Thursday, 11 June 2009

My Cats and Abbey Bank

Cats are a pain to photograph. These two were having a little sleep in the sun so I got the camera to take a photo of then lying next to each other, to show how well they got on together. The moment I pointed the camera Ginger stood up and walked away. Must think it is an affront to his cat rights to have his photo taken. I took it any way.
The second photo that looks like a couple of important but discarded letters after they have been through a shredder. I don't have a shredder because most bills I get these days, ones that contain details that certain sections of society would grub through waste bins to find, come online. But these don't. They are our bank statements. Even though I and my partner bank on line and can check the contents of our joint account 60/60/24/365 for up to the second information, Abbey send us two statements every month even though they are identical and are several days out of date by the time we get them, we have asked then to stop sending the statements as they cost money to send and the paper ends up either in a landfill site or recycled into toilet paper. I did email Abbey and they sent an automatic response saying Thank you for your email we will reply in due course. They never did. I tried phoning. I was told that there was a legal requirement to send paper statements and there was nothing I could do to stop the bloody things turning up every month. If one of the largest bank outfits in the world won't get the government to scrape this legal requirement and save paper and postage and help save the world why should I bother.

5 comments:

Joe said...

Intelligent Finance do optional online statements without sending out paper duplicates.

Anonymous said...

I bank with Natwest and they have a system where a customer can chooose not to recieve paper statements and only online ones. Very quick and easy to make the switch to paperless with Natwest as well.

Central User said...

My bank will not stop sending statements completely. However they are happy to send them only once a year.

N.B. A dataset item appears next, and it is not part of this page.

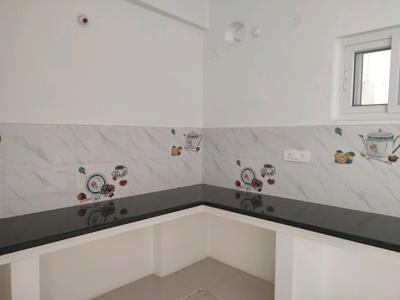 Kitchen Image of 970 Sq.ft 2 BHK Apartment / Flat for sale in Kistareddypet Sangareddy for Rs. 4485000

Not the ideal solution, but I reckon it must save something somewhere!

Anonymous said...

There's only a requirement to send them where you're paying interest on an overdraft. Apart from that, they're telling porkies. Nationwide also allow you to opt out of paper statements (apart from months where the overdraft exception applies).

Anonymous said...

As others have said - the people at Abbey (soon to be Santander) are telling porkies about the legality (unless you are overdrawn and paying interest); in which case, I could recommend First Direct where you get an automatic interest free overdraft of £250 per month. My only connection with FD is as a customer who makes frequent use of the free overdraft facility.

If you decide to stay with Abbey you could always recycle the statements in the compost bin/heap, or shred then dig them into the borders/veg patch.